| RECORDED INFORMATION |
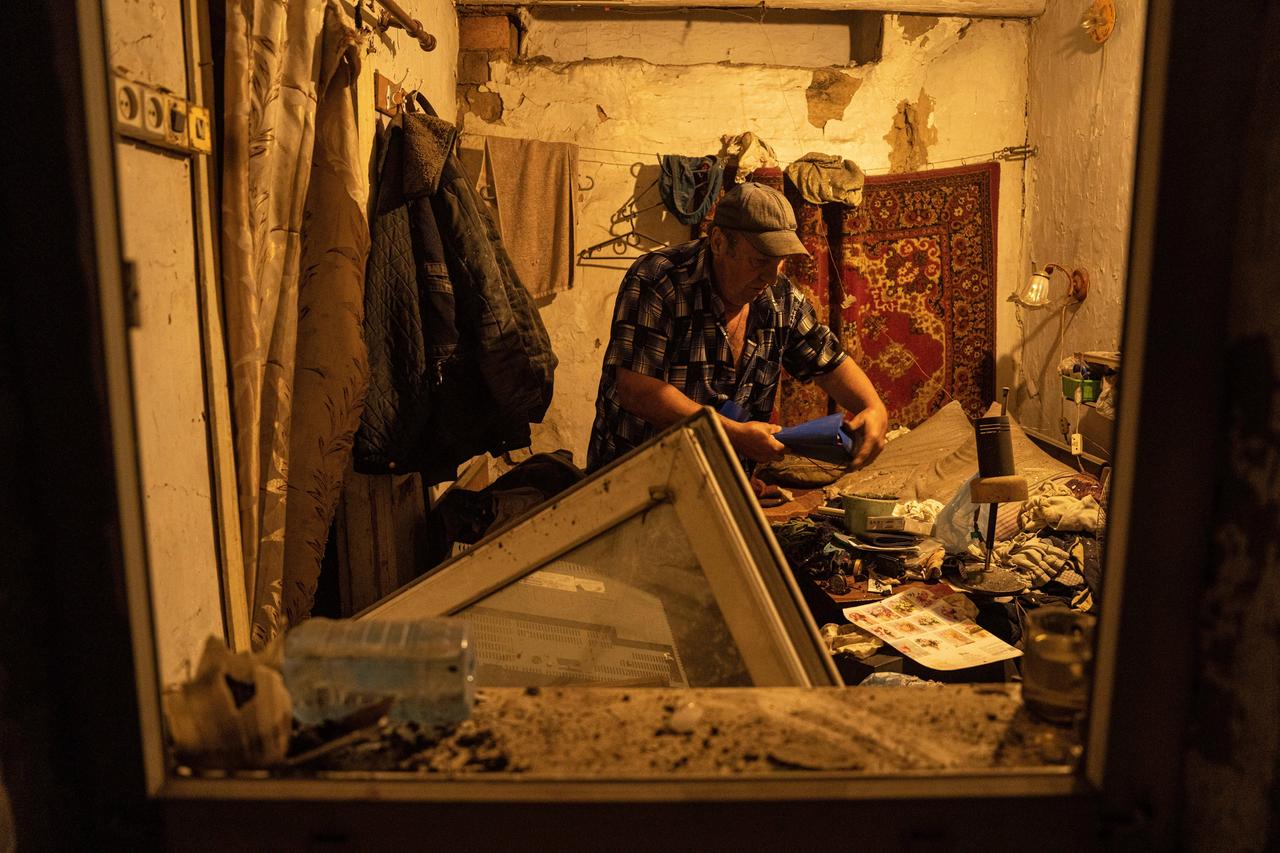 Eine zerstörte Wohnung in einem Haus in der ukrainischen Stadt Pokrowsk nach einem russsichen Raketenangriff im Juni 2023. Das Fenster ist aus dem Rahmen gefallen, das Zimmer verwüstet. Ein Mann sammelt Dokumente ein. 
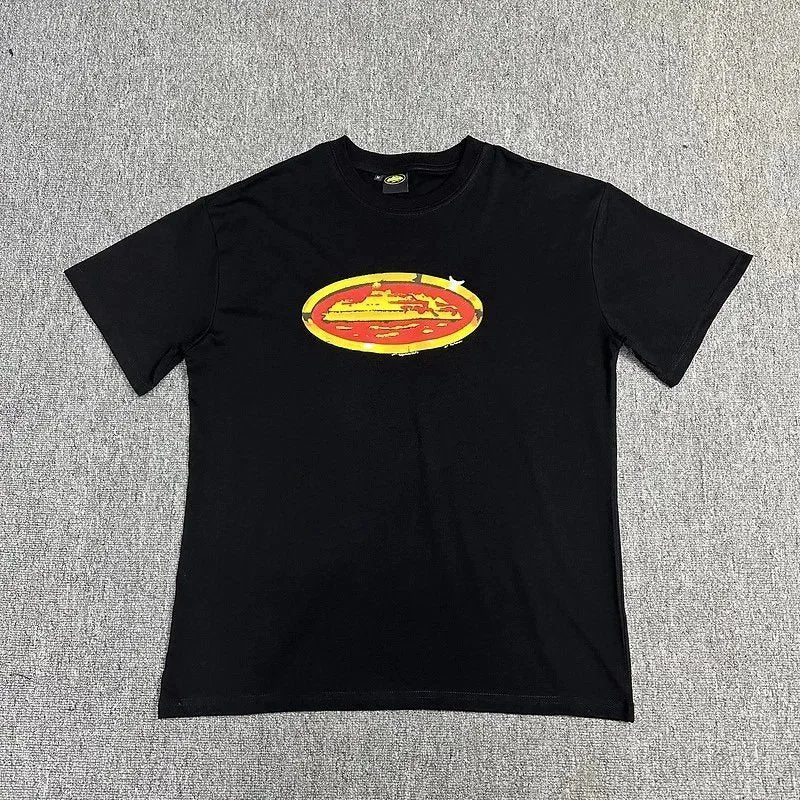 Black t-shirt with a yellow and red logo on a gray textured background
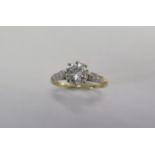 A yellow gold diamond solitaire ring - The central 1ct brilliant cut diamond approx 6.8mm x 3.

| ABOUT THIS TASK |
Would you return the material above exactly, apart from its pictures?

| SOLUTION TO THIS EXERCISE |
 Eine zerstörte Wohnung in einem Haus in der ukrainischen Stadt Pokrowsk nach einem russsichen Raketenangriff im Juni 2023. Das Fenster ist aus dem Rahmen gefallen, das Zimmer verwüstet. Ein Mann sammelt Dokumente ein. 
 Black t-shirt with a yellow and red logo on a gray textured background
 A yellow gold diamond solitaire ring - The central 1ct brilliant cut diamond approx 6.8mm x 3.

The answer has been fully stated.